> MATERIAL FOR THE TASK
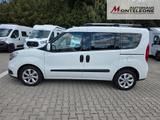 Fiat Doblò Doblo 1.6 Multijet 16V Lounge 88 kW (12... - Fiat Doblo Gebrauchtwagen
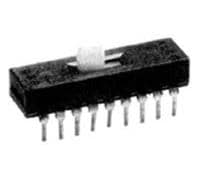 ASE4204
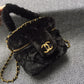 AmeliaLuxury - CHL Bags - 3406
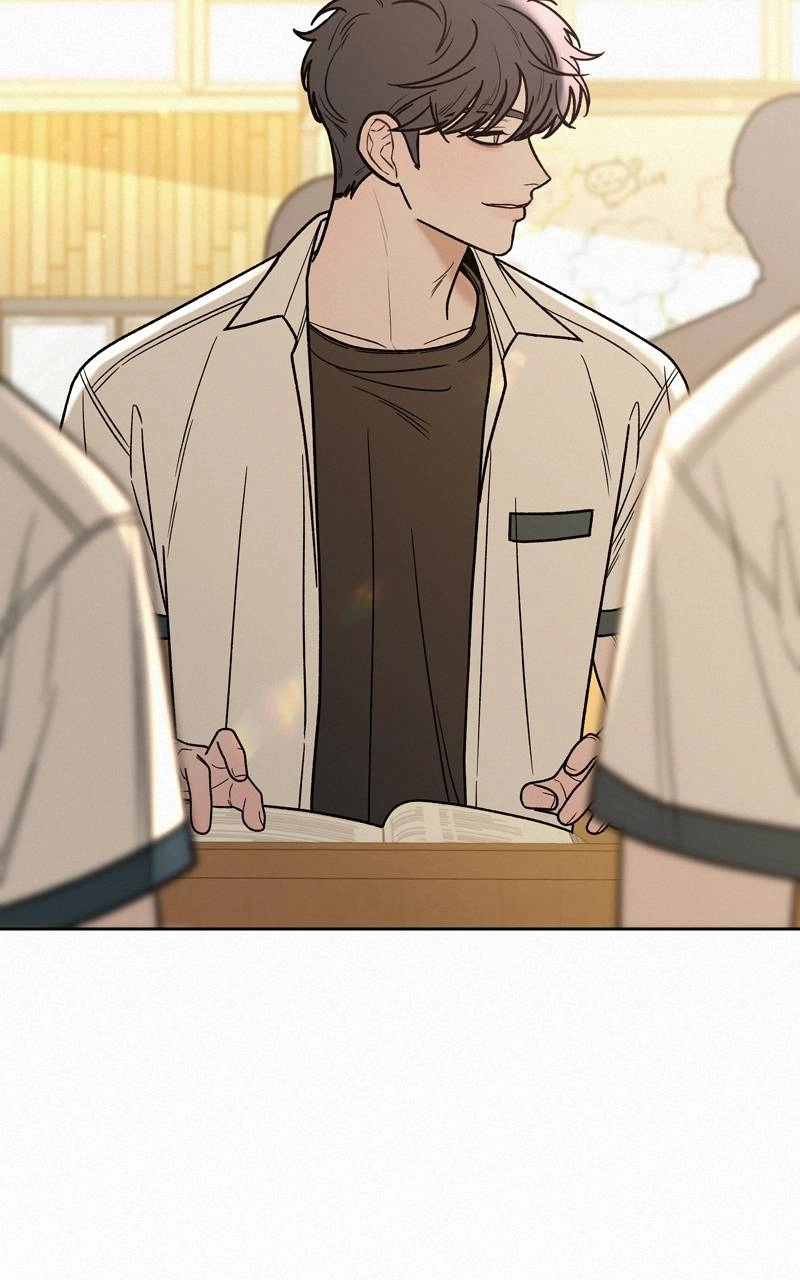 Operation: True Love Chapter 56, page 49 of 111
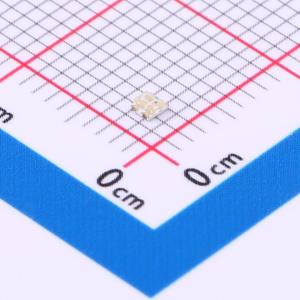 DY-S161506URUGC-T10-4T-03商品缩略图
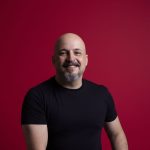 Antropofagia e marcas: como devorar cultura para criar identidade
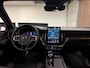 Volvo XC60 T6 AWD Recharge Ultra Black Edition | MY26 | Luchtvering | Trekhaak | 360 Camera | Head-Up Display | Harman Kardon | Adaptieve Cruise Control | Stoelverwarming voor+achter | Stuurwielverwarming | Schuifdak | Full LED Meesturende koplampen | Pilot Assist | BLIS Dode Hoek Detectie | Elektrische voorstoelen geheugen | Contour stoelen met wit stiksel en bies | Zitting verlenging voorstoelen | Lederen dashboard | 21 Inch | Google Infotainment | Keyless Drive | Elektrisch bedienbare achterklep | DAB Radio | Apple Carplay/Android Auto | Draadloos telefoon opladen | Volvo On Call met mobiele App functie | Onyx Black Metallic |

> TO DO
A verbatim reproduction is expected: starting at the line above that has "DY-S161506URUGC-T10-4T-03商品缩略图", ending at the line that has "Antropofagia e marcas: como", both included, and with no pictures and no other lines.

> TASK RESPONSE
 DY-S161506URUGC-T10-4T-03商品缩略图
 Antropofagia e marcas: como devorar cultura para criar identidade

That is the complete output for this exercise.